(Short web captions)

# # # # #

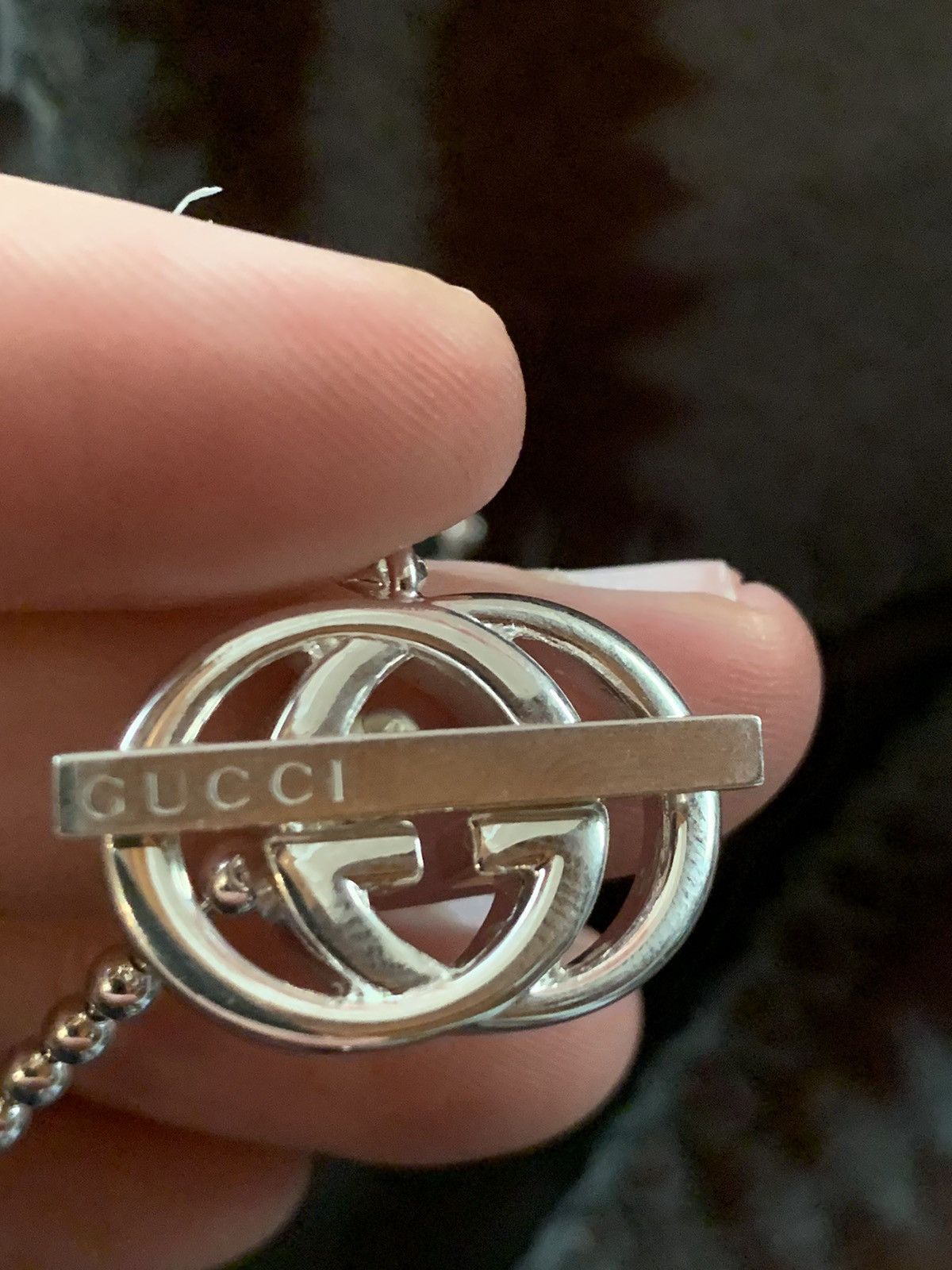 Gucci *RARE* Gucci .925 Sterling Silver Interlocking Logo Necklace Size ONE SIZE - 3 Thumbnail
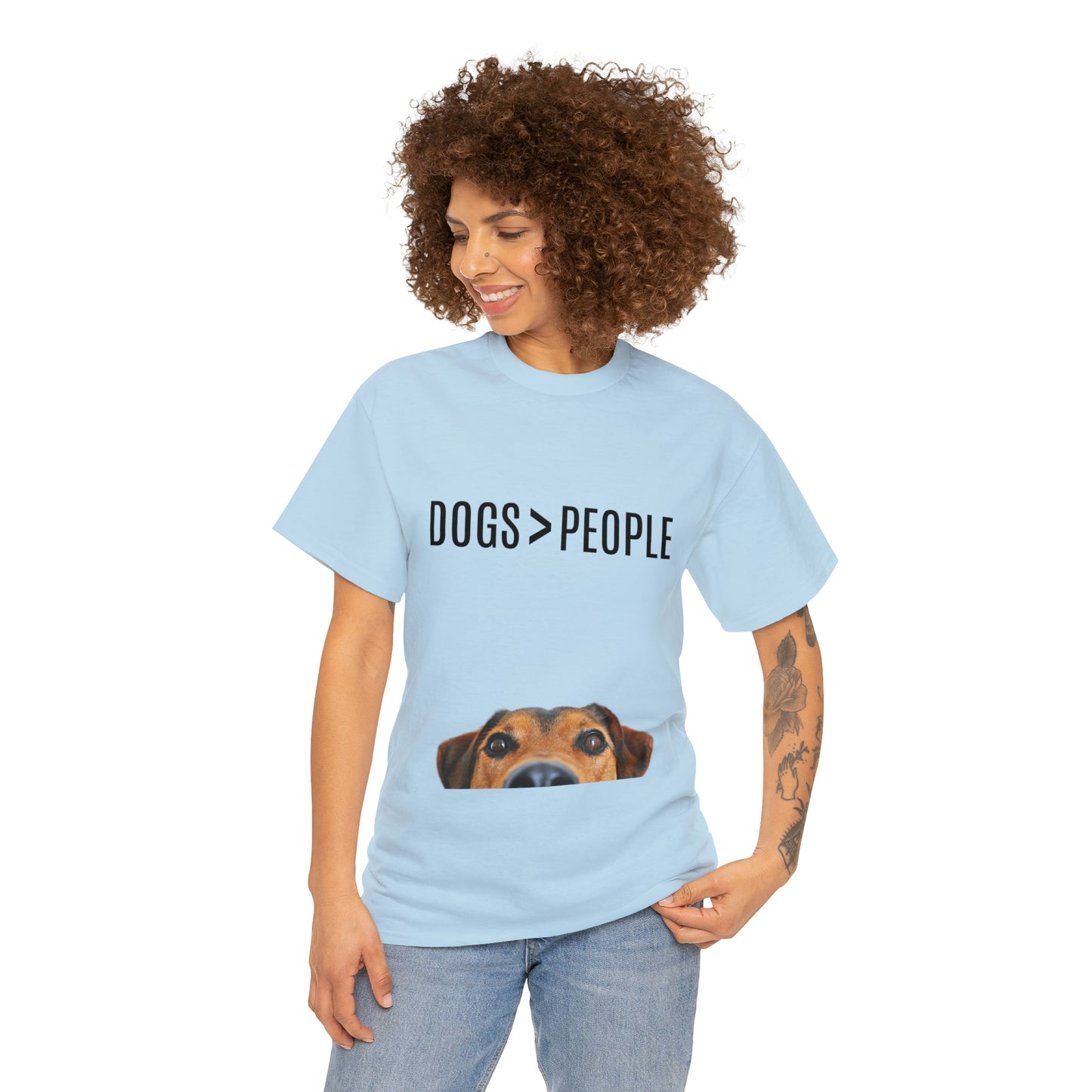 Dogs>People - Unisex Heavy Cotton Tee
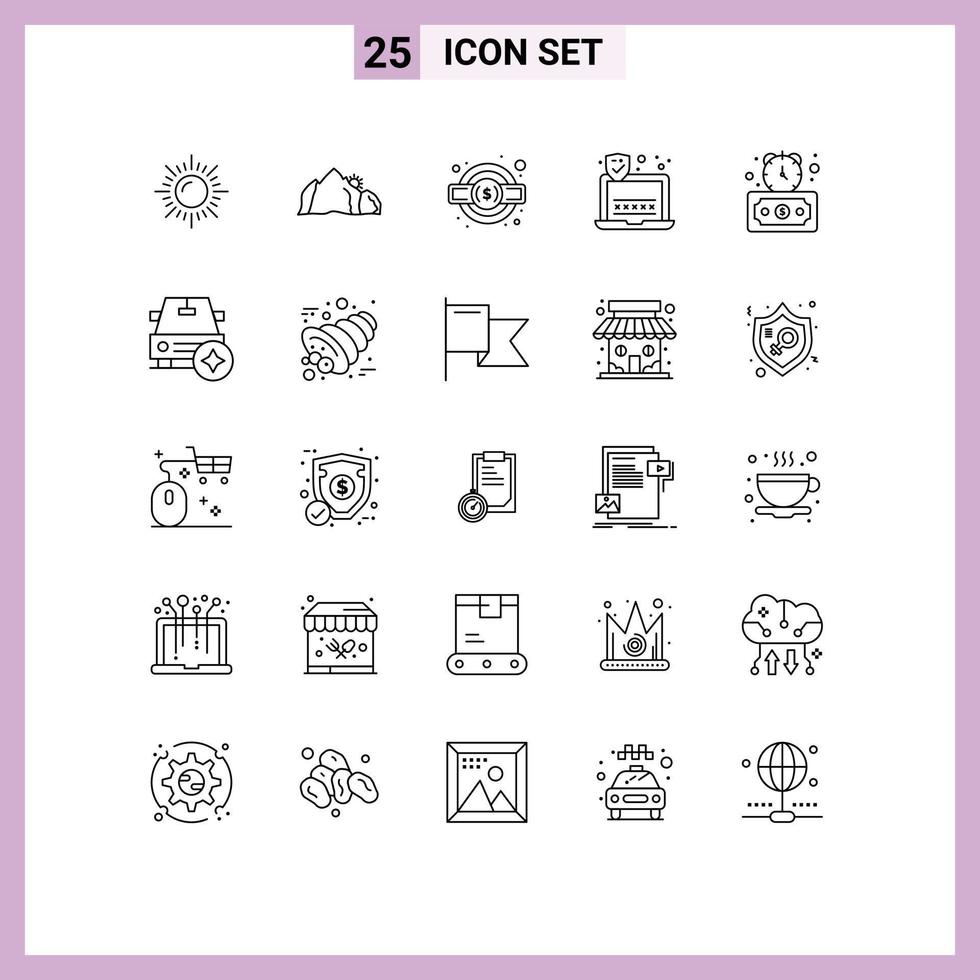 Set of 25 Vector Lines on Grid for fast timer gear laptop password Editable Vector Design Elements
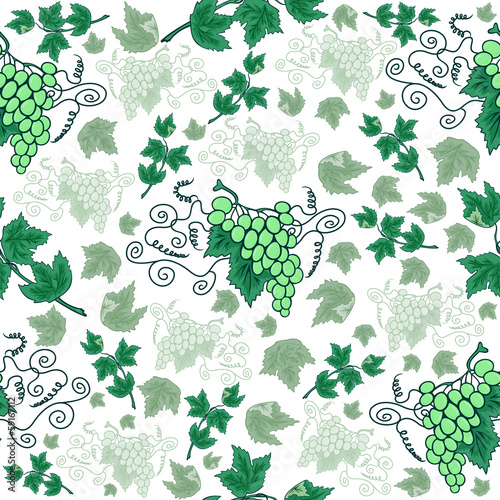Seamless background with bunches of grapes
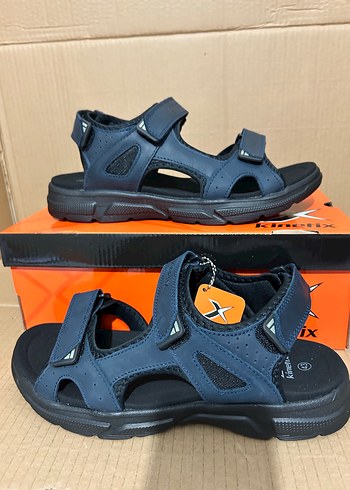 Erkek Lacivert Cırtcırtlı Spor Sandalet - Görsel 4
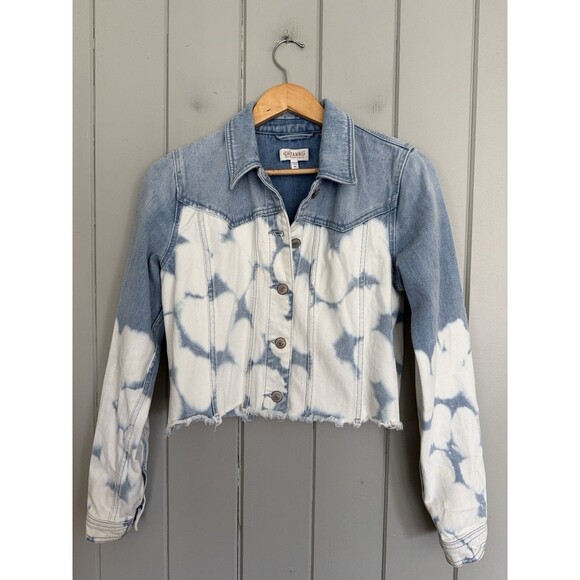 Shyanne Cropped Fray Denim Jacket M Medium Button Front Pockets Collar - Picture 1 of 5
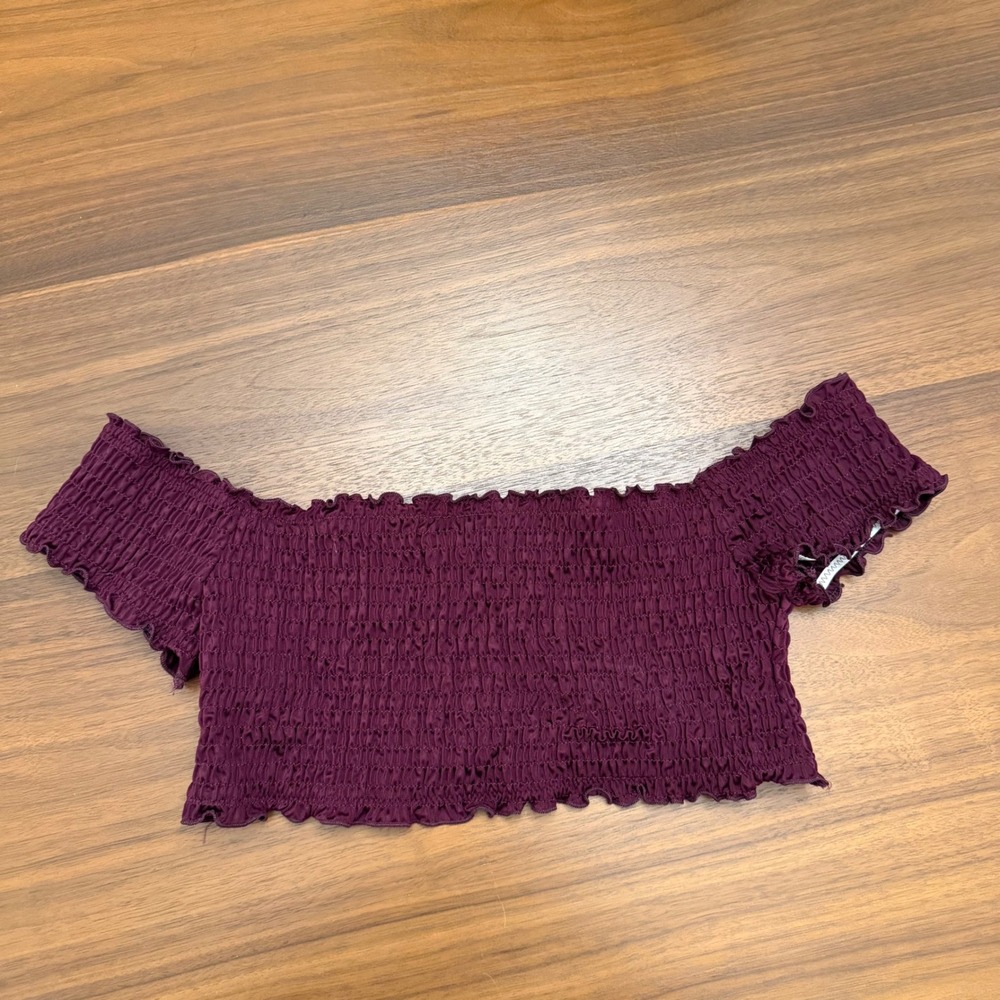 PINK Victoria's Secret Smocked Off Shoulder Bikini Top Burgundy Maroon Medium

# # # # #

Task objective: Give back, word for word, the lines from the line that contains "Erkek Lacivert Cırtcırtlı" through the last line of the records, with no pictures and nothing else.

Solution:
 Erkek Lacivert Cırtcırtlı Spor Sandalet - Görsel 4
 Shyanne Cropped Fray Denim Jacket M Medium Button Front Pockets Collar - Picture 1 of 5
 PINK Victoria's Secret Smocked Off Shoulder Bikini Top Burgundy Maroon Medium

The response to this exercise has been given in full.